Hunting Hill and MacDonald Chapel entered into a merger agreement during my last year as their pastor in 1965. Included in the agreement was expanded fellowship with Pleasant View and the possibility of them joining in the formation of the new church.
Suggestions for names for the newly formed church were received. I had placed in the suggestion box the name Fairhaven, from Acts 27.
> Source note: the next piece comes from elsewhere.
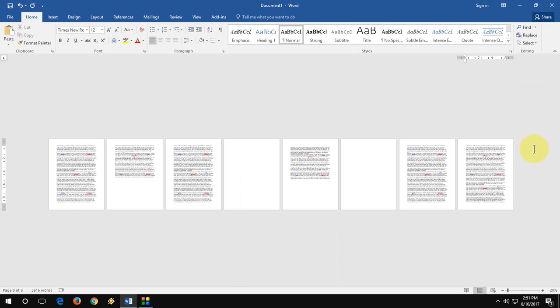So this is the keyboard shortcut key to delete blank pages in MS Word. If you have any questions, if you got any confusion, you can ask me in comments.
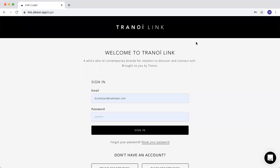Hi everyone, I'm Marco, I'm Tranoi Fashion Director, and today I'm going to show you all the best functionalities of TraneoLink.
Fair Haven was a temporary safe harbor amid a storm as Paul continued his journey to Rome. The name seemed an appropriate image for a church — a place of nurture and renewal for a community on the journey toward God’s reconciled community of justice and love.
In 1968, a transformative step on that journey was taken when the members of Pleasant View became part of the new church. While racial strife and division dominated the media, three strains of Methodism’s division came together in a congregation on Darnestown Road in Gaithersburg, Maryland.
In September 2008, Linda and I shared in a Homecoming and 40th Anniversary of Fairhaven. Following the service, a woman approached me.
“I want to apologize to you and thank you. You likely don’t remember me, but you may remember my father,” she remarked. After sharing his name, she reminded me that the family left the Hunting Hill Church in disagreement with the merger between Hunting Hill and MacDonald Chapel and the growing fellowship with Pleasant View.
She added, “I have returned to this church for the very reason my parents left it. My family is part of this church because of its diversity.”
Little did Reverend Barrington or I realize at the time that a small group of Boy Scouts, a women’s meeting, and a gathering of Methodist Men would be seeds from which a flourishing multi-racial congregation would spring forth. What we did realize, however, is that relationships matter!
Fifty-seven years have passed since that fateful day that I drove into the parking lot of Pleasant View and met Tom Barrington. Tom died in 1966. He never knew the impact he had on a young, naïve seminary student from East Tennessee.
Today, Fairhaven United Methodist Church stands as visible testimony to the reconciling power of the gospel when embodied in relationships of compassion, justice, and hospitality.+
September 27, Fairhaven will celebrate homecoming by Zoom with the theme “Through it All God Remains Faithful.” I will be giving thanks that those three small membership congregations demonstrated to a young pastor from the segregated South that relationships across racial barriers are the soil out of which grows new life.
*This is the third in a series as I engage in the coming months on a pilgrimage of remembering sixty years of ministry and life with my deceased wife, Linda. When possible, I will be visiting the communities where Linda and I lived and served.